The church is funding several women from its ranks to go to Russia on a short-term mission trip and is sending 15-20 families to a Mexican border town the weekend before Christmas with clothes and other items.
In October, Howe issued a call for those upon whom the Lord had placed a burden for missions.
“We had literally dozens of men say, ‘I want to be involved in missions.'”
Howe said his church has issued a challenge to other churches in its area to be sacrificial in their giving to missions.
“This is a time when we have to be sacrificial or the work will not be done the way the Lord wants it done,” he said.

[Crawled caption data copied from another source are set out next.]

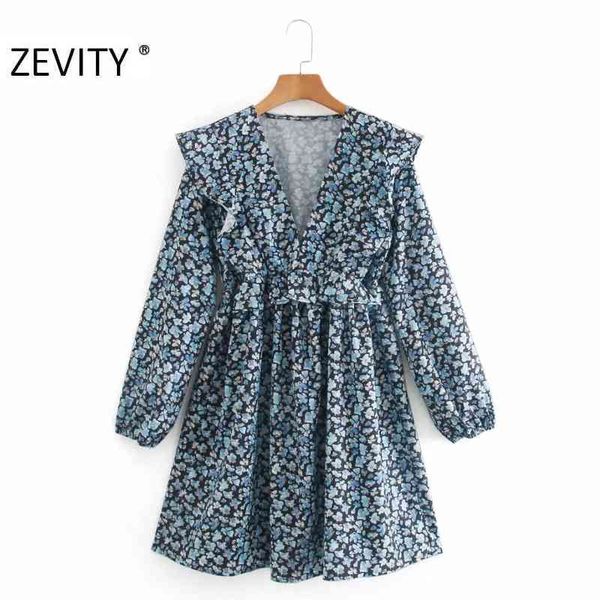 zevity women fasion v neck flower print press pleats mini dress office ladies long sleeve casual slim ruffles vestido ds4603 210419, Black;gray
zevity women fasion v neck flower print press pleats mini dress office ladies long sleeve casual slim ruffles vestido ds4603 210419, Black;gray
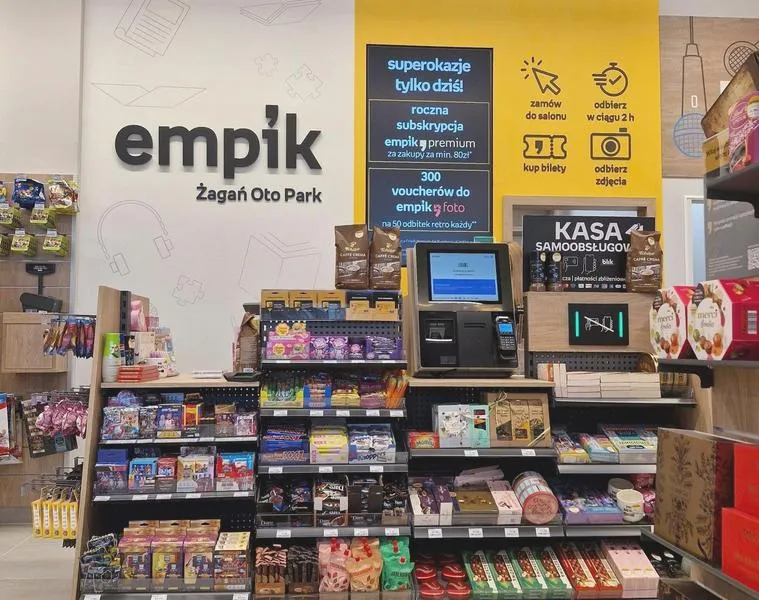 Płatności kartą podarunkową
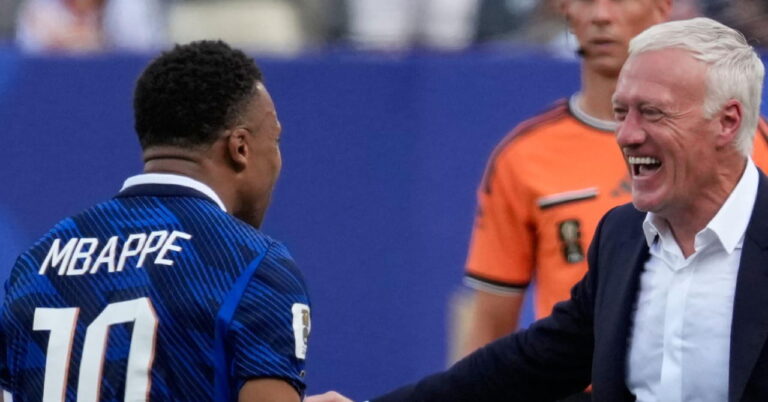 Mbappé Penalty Secures Victory for France Over Paraguay in World Cup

The IMB reports that in 2002 the board appointed 412 long-term missionaries; because of budget constraints, though, only 300 are expected to be appointed in 2004. In 2002, 620 short-term workers went, but only 300 are expected to go next year. The current missionary count of 5,510 likely will fall by the end of 2004, the IMB states on its website.
Because of his earlier work as a church planter and mission pastor in Indiana, Howe said his heart is soft toward missions. He serves on the Southern Baptists of Texas Convention state missions committee.
Howe said he preaches through the Scriptures and “I preach on giving as I come to it. Where the Bible talks about giving, then we’ll talk about giving.” He emphasizes the obedience of tithing and “the joy of giving over and above that,” he said.